What Did — And Didn’t — Go Down In The Iowa Caucuses
The relative strength of the candidates across the three metrics matches expectations. We suspected Sanders and Warren would be more concentrated, Buttigieg and Biden more widespread. But Buttigieg’s realignment strength was not as clear from voters’ professed second choices.
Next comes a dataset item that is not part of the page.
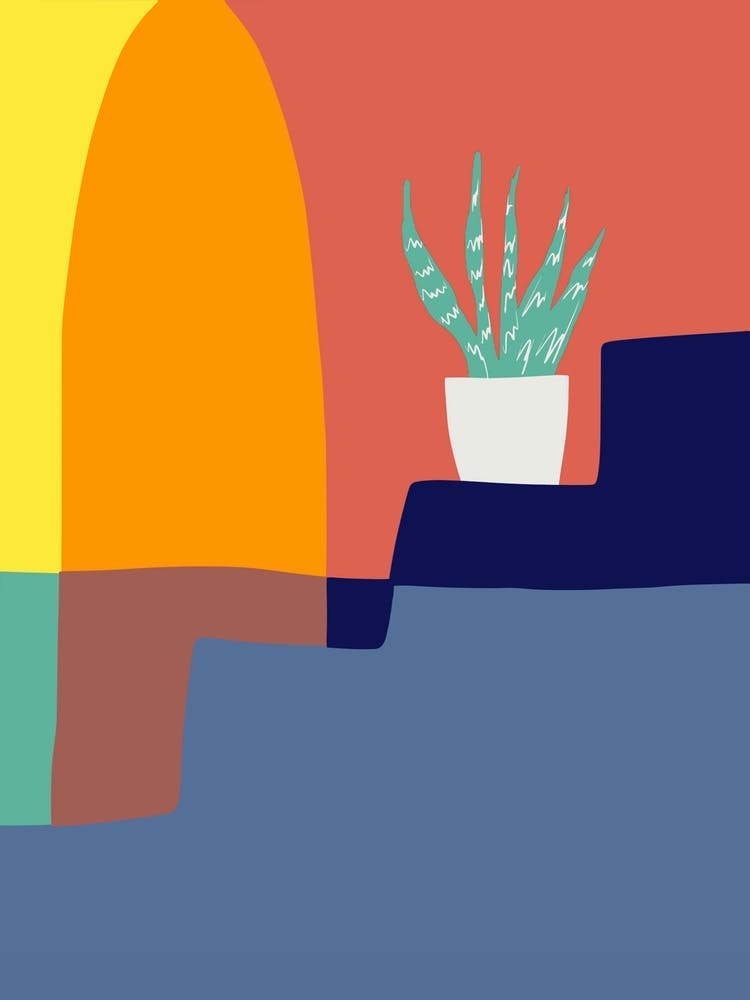 Aloe Vera In Multicolors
Buttigieg Gained The Most From Realignment
Here is a table of the initial popular vote vs. the popular vote after non-viable candidates’ supporters realigned. As you can see, Sanders is leading in both counts, but Buttigieg gained the most from realignment. Biden — and really all of the candidates who got less than 15 percent in the initial popular vote — were hurt by the realignment.
How Iowa’s votes have changed from one stage to the next
As of 5:01 p.m., 62 percent of precincts reporting
| CANDIDATE | FIRST ALIGNMENT | FINAL ALIGNMENT | CHANGE |
|---|---|---|---|
| Sanders | 24.5% | 26.3% | +1.8 |
| Buttigieg | 21.4 | 25.1 | +3.7 |
| Warren | 18.8 | 20.7 | +1.9 |
| Biden | 14.6 | 13.2 | -1.4 |
| Klobuchar | 12.7 | 12.4 | -0.3 |
| Yang | 5.2 | 1.0 | -4.2 |
| Steyer | 1.7 | 0.2 | -1.5 |
| Gabbard | 0.2 | 0.0 | -0.2 |
| Bloomberg | 0.1 | 0.0 | -0.1 |
| Patrick | 0.0 | 0.0 | +0.0 |
| Bennet | 0.1 | 0.0 | -0.1 |
| Delaney | 0.0 | 0.0 | +0.0 |
This is just my impression, but I feel like people take second-day coverage differently — and as more final — than night-of coverage, Galen.